- _COLLECTED MATERIAL_
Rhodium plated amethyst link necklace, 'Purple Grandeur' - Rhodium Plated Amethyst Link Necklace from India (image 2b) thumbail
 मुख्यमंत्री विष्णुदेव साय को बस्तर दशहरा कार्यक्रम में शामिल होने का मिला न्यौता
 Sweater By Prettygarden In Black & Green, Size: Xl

- _BRIEF_
Give back exactly the lines from the line holding "मुख्यमंत्री विष्णुदेव साय" through the last line of the listing, including both.

- _SOLVED EXERCISE_
 मुख्यमंत्री विष्णुदेव साय को बस्तर दशहरा कार्यक्रम में शामिल होने का मिला न्यौता
 Sweater By Prettygarden In Black & Green, Size: Xl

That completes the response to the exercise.